Torah reading 370.
(photo credit:Marc Israel Sellem /The Jerusalem Post)
In this week’s Torah portion, Am Yisrael is about to enter the Land of Israel. The nation which had spent almost 40 years in the desert was preparing spiritually and logistically for the transition from a life of wandering in the desert to an organized life in the Promised Land.
One of these important preparations was the answer to the complicated question: How will land be divided among the various tribes which make up the nation? He who decided on the answer to this was G-d Himself. The solution was to implement the complex division through lottery and through fair division based on numbers of people. We will not focus on the manner in which the division was done, but on the following story which came after it.
The daughters of Zelophehad, an unknown man who died in the desert leaving behind five daughters, came to Moshe with a complaint: It seemed that based on the planned division, each man would get land, but the women would not get land for themselves, rather they would be part of their husbands’ land. This situation seemed reasonable.
Every family gets land and the location would be determined by the tribe to which the head of the family belonged. But there was a problem since the father of these five brave women did not have any sons. Therefore, his daughters would indeed get what they deserved in the land of their husbands, but he himself would not get land.
The girls summarized their claim with the following words: “Our father died in the desert... and he had no sons. Why should our father’s name be eliminated from his family because he had no son? Give us a portion along with our father’s brothers.” (Number 27, 3-4) The leader to whom Zelophehad’s five daughters complained was, of course, none other than Moshe Rabbeinu.
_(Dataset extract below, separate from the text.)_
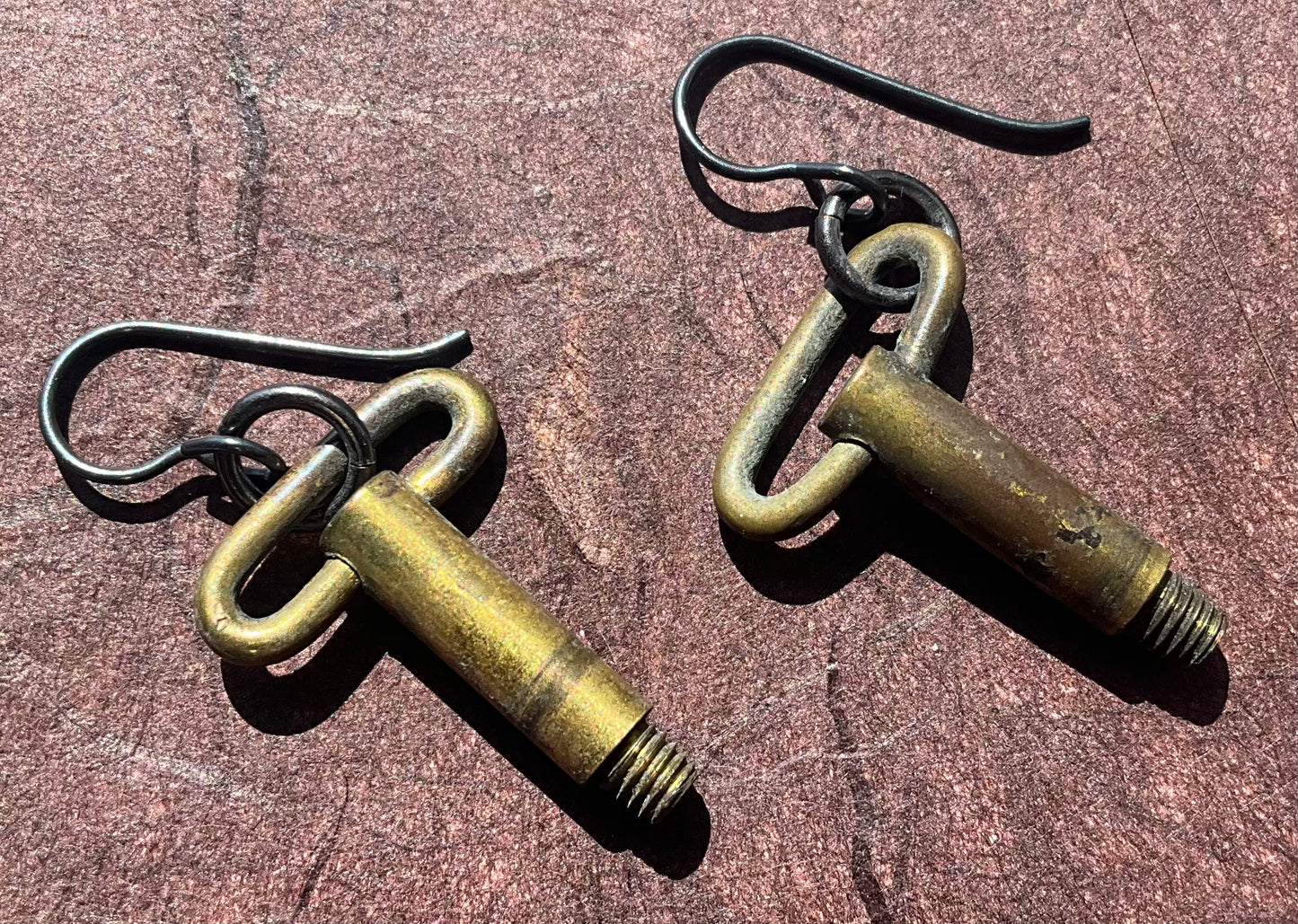 vintage clock key earrings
This is the same respected leader who has been taking care of the nation for 40 years, who liberated them from slavery and took them out of Egypt, who makes sure to prepare them to enter the Land of Israel despite knowing that he will not be entering with them but will die beforehand. And how did Moshe respond to the claim of these five unknown women? Moshe remained silent.
Why did Moshe remain silent? For the simple reason that Moshe Rabbeinu did not know what to answer them.
This is not the first time the nation encounters Moshe Rabbeinu’s lack of knowledge. We find six incidences in the Torah when questions were asked of Moshe and he did not know how to answer them.
The Torah, as opposed to in other religions, does not try to make the nation’s great leaders seem superhuman. Almost each of the nation’s greats – the three patriarchs – Abraham, Jacob and Isaac – as well as Moshe and Aharon, David and Solomon – are in some way criticized in the Bible. Here we encounter that same phenomenon, only this time it comes from Moshe Rabbeinu himself. The experienced leader who holds so much power in his hands does not hesitate to admit that he is not knowledgeable about a simple halacha, and he waits for Divine instruction to tell him how to behave.
The sages of the Talmud suggested that we adopt Moshe Rabbeinu’s behavior with the following rule: “Teach your tongue to say I do not know!” (Talmud Bavli, Tractate Brachot, page 4) Sometimes men and women are afraid to say the words “I don’t know.” This apprehension is understandable.
Lack of knowledge can be interpreted as weakness and occasionally even as stupidity. However, the gain in saying “I don’t know” is immeasurably greater than the fear. When a person candidly admits his lack of knowledge, he presents himself as a real person whose words can be trusted, since when he does not know something, he is not afraid to admit it. Furthermore, when a person admits it and says “I don’t know,” he is conveying – to his partner or colleagues – that he is a human being just as they are. When we admit that we don’t know something, we convey equality and lack of arrogance.
Just like Moshe Rabbeinu, whose image was not the least bit harmed when he admitted that he “doesn’t know,” so our image will not be harmed and we will even gain if we heed the advice of the sages and get used to admitting that we do not know everything.
The writer is rabbi of the Western Wall and Holy Sites.